■ **What you need to do**
From the line that contains "Stylish & sun-filled" down to the last line of the listing below, reproduce each line exactly but not the pictures.

■ **Source data**

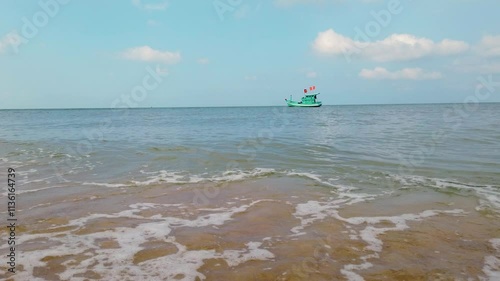 A green fishing boat with Vietnamese flags bobs on the waves anchored on a sunny day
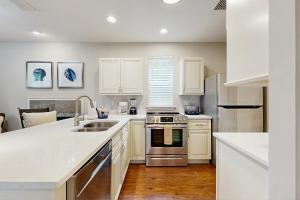 Stylish & sun-filled retreat with large patio & fireplace - near beaches & golf في فرناندينا بيتش: مطبخ مع دواليب بيضاء واجهزة ستانلس ستيل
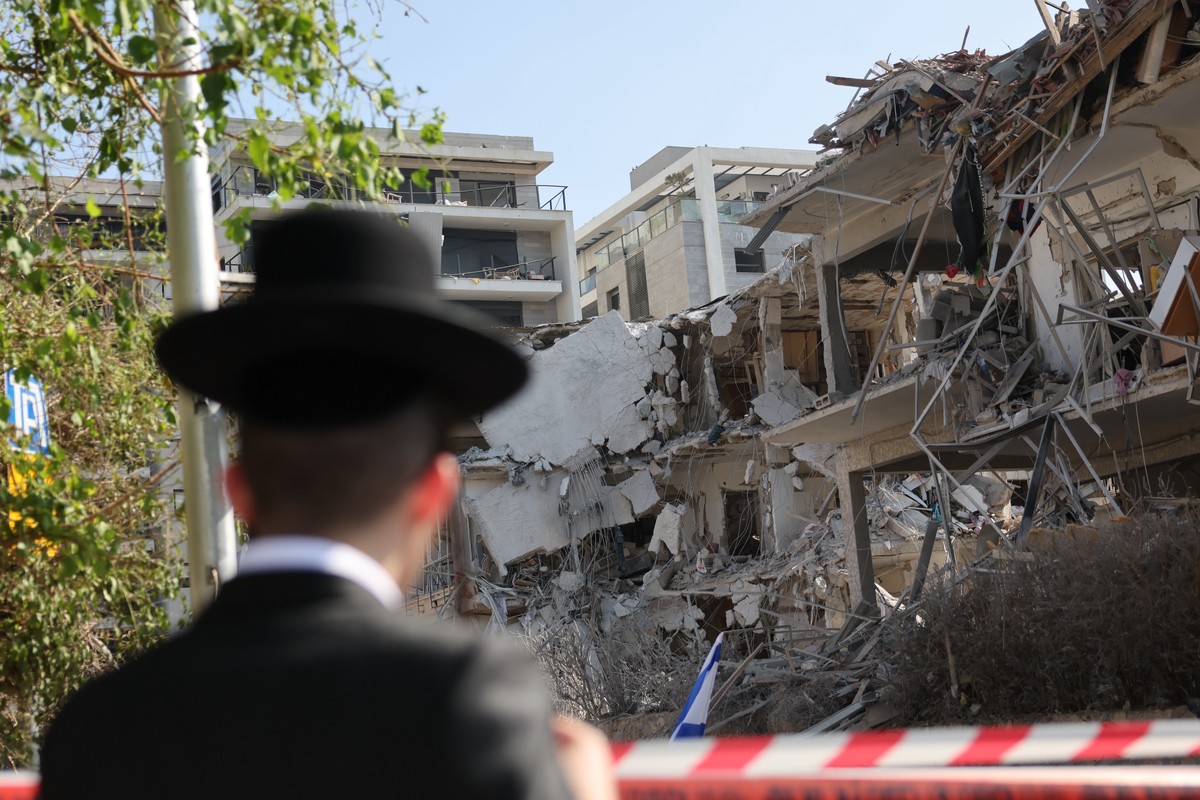 epaselect epa12174616 A person stands near a damaged residential building after a ballistic missile strike in Tel Aviv, Israel, 14 June 2025. Israel's military said Iran launched dozens of missil ...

■ **Exercise answer**
 Stylish & sun-filled retreat with large patio & fireplace - near beaches & golf في فرناندينا بيتش: مطبخ مع دواليب بيضاء واجهزة ستانلس ستيل
 epaselect epa12174616 A person stands near a damaged residential building after a ballistic missile strike in Tel Aviv, Israel, 14 June 2025. Israel's military said Iran launched dozens of missil ...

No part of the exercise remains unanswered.